======== Task input ========
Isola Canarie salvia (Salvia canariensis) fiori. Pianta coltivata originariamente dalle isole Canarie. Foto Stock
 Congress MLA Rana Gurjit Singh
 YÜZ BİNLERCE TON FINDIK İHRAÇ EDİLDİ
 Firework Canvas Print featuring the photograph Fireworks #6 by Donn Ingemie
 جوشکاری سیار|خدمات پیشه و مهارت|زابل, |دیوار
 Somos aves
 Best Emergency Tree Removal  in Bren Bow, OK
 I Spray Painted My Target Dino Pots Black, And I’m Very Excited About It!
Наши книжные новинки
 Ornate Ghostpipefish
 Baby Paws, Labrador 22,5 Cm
========
Reproduce the records exactly, keeping every line.

Isola Canarie salvia (Salvia canariensis) fiori. Pianta coltivata originariamente dalle isole Canarie. Foto Stock
 Congress MLA Rana Gurjit Singh
 YÜZ BİNLERCE TON FINDIK İHRAÇ EDİLDİ
 Firework Canvas Print featuring the photograph Fireworks #6 by Donn Ingemie
 جوشکاری سیار|خدمات پیشه و مهارت|زابل, |دیوار
 Somos aves
 Best Emergency Tree Removal  in Bren Bow, OK
 I Spray Painted My Target Dino Pots Black, And I’m Very Excited About It!
Наши книжные новинки
 Ornate Ghostpipefish
 Baby Paws, Labrador 22,5 Cm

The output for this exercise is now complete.